──────── Source data ────────

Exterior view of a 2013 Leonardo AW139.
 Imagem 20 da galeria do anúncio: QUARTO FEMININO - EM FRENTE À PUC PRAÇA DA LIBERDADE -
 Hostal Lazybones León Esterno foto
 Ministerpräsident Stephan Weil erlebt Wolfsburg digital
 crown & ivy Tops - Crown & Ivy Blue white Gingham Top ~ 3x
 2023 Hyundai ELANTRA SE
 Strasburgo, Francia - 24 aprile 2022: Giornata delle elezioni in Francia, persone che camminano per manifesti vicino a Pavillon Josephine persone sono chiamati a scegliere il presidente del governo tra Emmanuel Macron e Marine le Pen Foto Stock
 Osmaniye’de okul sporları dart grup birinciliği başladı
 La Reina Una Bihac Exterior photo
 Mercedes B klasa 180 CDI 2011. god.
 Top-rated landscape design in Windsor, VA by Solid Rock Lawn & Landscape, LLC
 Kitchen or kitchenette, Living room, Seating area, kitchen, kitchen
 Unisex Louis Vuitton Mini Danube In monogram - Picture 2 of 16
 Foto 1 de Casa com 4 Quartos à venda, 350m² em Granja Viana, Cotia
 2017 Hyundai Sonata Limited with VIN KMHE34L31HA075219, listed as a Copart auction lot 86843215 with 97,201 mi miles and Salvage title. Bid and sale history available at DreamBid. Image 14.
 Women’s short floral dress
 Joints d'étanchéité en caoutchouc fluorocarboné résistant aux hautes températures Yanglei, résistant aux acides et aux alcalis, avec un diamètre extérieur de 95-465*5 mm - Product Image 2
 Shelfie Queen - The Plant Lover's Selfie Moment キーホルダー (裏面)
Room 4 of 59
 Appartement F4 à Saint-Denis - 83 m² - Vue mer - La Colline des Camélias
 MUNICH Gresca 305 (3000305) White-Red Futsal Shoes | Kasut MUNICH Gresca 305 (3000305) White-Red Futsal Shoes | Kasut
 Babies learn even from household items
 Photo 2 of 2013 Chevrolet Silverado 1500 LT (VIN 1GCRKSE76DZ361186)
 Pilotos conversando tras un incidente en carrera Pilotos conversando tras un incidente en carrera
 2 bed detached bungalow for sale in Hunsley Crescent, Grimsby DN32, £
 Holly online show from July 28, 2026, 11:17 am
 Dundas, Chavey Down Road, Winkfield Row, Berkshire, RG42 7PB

────────

Write out every record, exactly as written.

Exterior view of a 2013 Leonardo AW139.
 Imagem 20 da galeria do anúncio: QUARTO FEMININO - EM FRENTE À PUC PRAÇA DA LIBERDADE -
 Hostal Lazybones León Esterno foto
 Ministerpräsident Stephan Weil erlebt Wolfsburg digital
 crown & ivy Tops - Crown & Ivy Blue white Gingham Top ~ 3x
 2023 Hyundai ELANTRA SE
 Strasburgo, Francia - 24 aprile 2022: Giornata delle elezioni in Francia, persone che camminano per manifesti vicino a Pavillon Josephine persone sono chiamati a scegliere il presidente del governo tra Emmanuel Macron e Marine le Pen Foto Stock
 Osmaniye’de okul sporları dart grup birinciliği başladı
 La Reina Una Bihac Exterior photo
 Mercedes B klasa 180 CDI 2011. god.
 Top-rated landscape design in Windsor, VA by Solid Rock Lawn & Landscape, LLC
 Kitchen or kitchenette, Living room, Seating area, kitchen, kitchen
 Unisex Louis Vuitton Mini Danube In monogram - Picture 2 of 16
 Foto 1 de Casa com 4 Quartos à venda, 350m² em Granja Viana, Cotia
 2017 Hyundai Sonata Limited with VIN KMHE34L31HA075219, listed as a Copart auction lot 86843215 with 97,201 mi miles and Salvage title. Bid and sale history available at DreamBid. Image 14.
 Women’s short floral dress
 Joints d'étanchéité en caoutchouc fluorocarboné résistant aux hautes températures Yanglei, résistant aux acides et aux alcalis, avec un diamètre extérieur de 95-465*5 mm - Product Image 2
 Shelfie Queen - The Plant Lover's Selfie Moment キーホルダー (裏面)
Room 4 of 59
 Appartement F4 à Saint-Denis - 83 m² - Vue mer - La Colline des Camélias
 MUNICH Gresca 305 (3000305) White-Red Futsal Shoes | Kasut MUNICH Gresca 305 (3000305) White-Red Futsal Shoes | Kasut
 Babies learn even from household items
 Photo 2 of 2013 Chevrolet Silverado 1500 LT (VIN 1GCRKSE76DZ361186)
 Pilotos conversando tras un incidente en carrera Pilotos conversando tras un incidente en carrera
 2 bed detached bungalow for sale in Hunsley Crescent, Grimsby DN32, £
 Holly online show from July 28, 2026, 11:17 am
 Dundas, Chavey Down Road, Winkfield Row, Berkshire, RG42 7PB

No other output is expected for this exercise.